# Problem to work on
Word for word, restate the entries below, but exclude the images.

+ + +

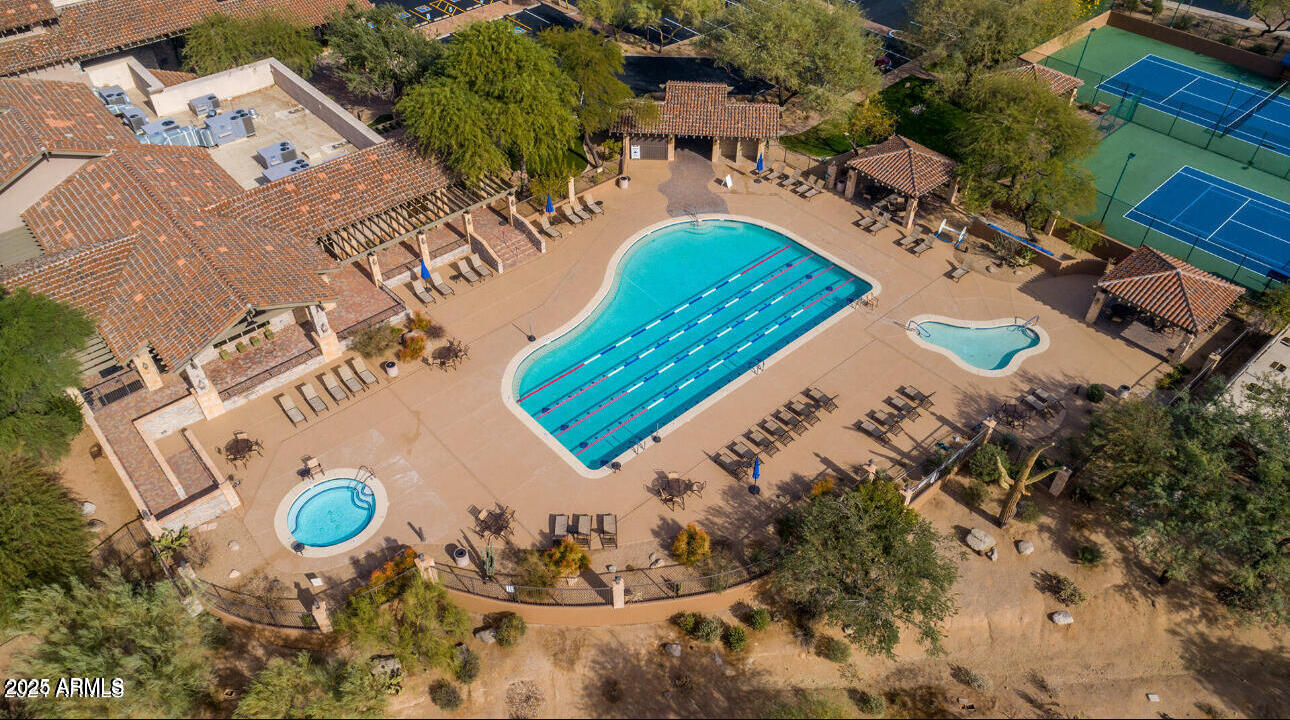 7304 E NORTHRIDGE Circle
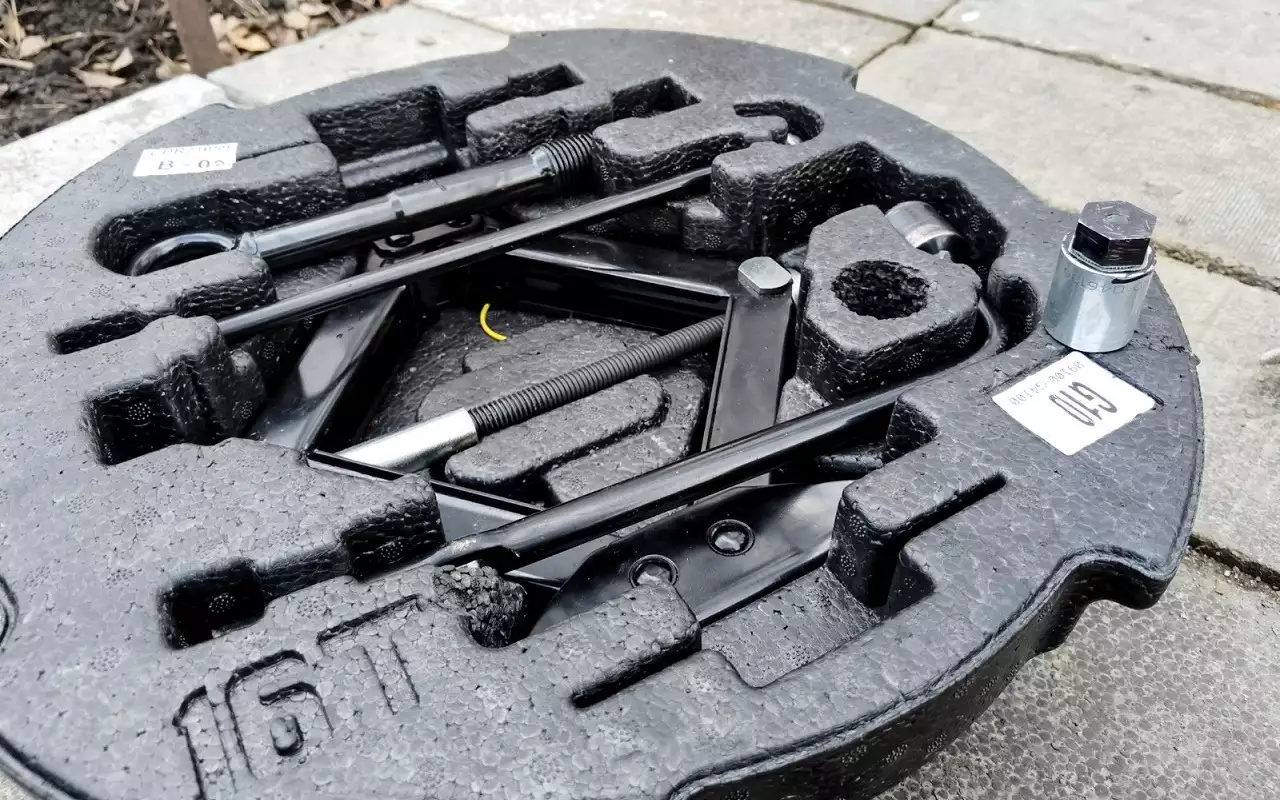 Доработанный органайзер для хранения ключа от секреток для колес.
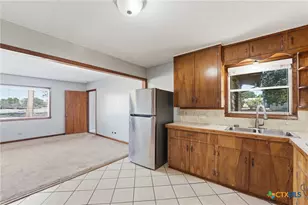 1603 Seydler St, Gonzales, TX 78629 - Photo 11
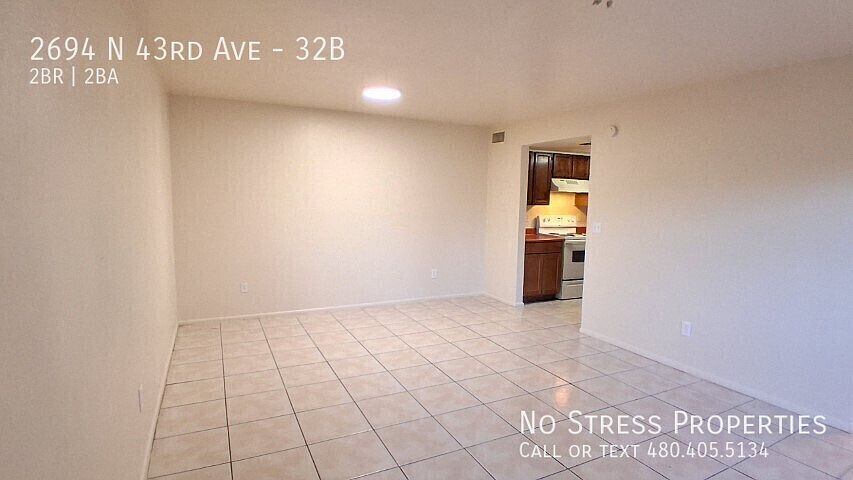 2694 N 43rd Ave photo 2
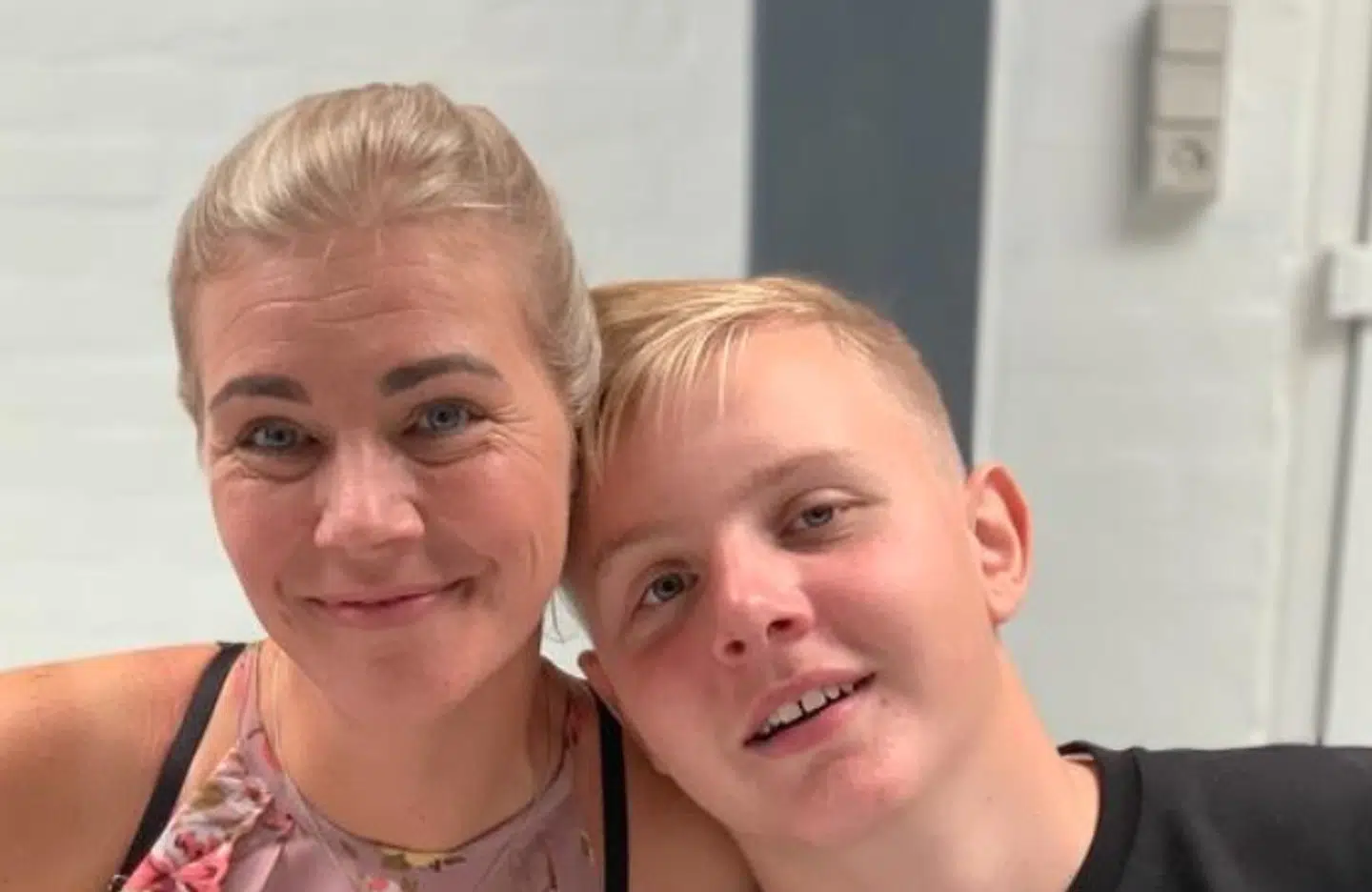 Merete sammen med en af sine sønner.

+ + +

# Answer to the exercise
 7304 E NORTHRIDGE Circle
 Доработанный органайзер для хранения ключа от секреток для колес.
 1603 Seydler St, Gonzales, TX 78629 - Photo 11
 2694 N 43rd Ave photo 2
 Merete sammen med en af sine sønner.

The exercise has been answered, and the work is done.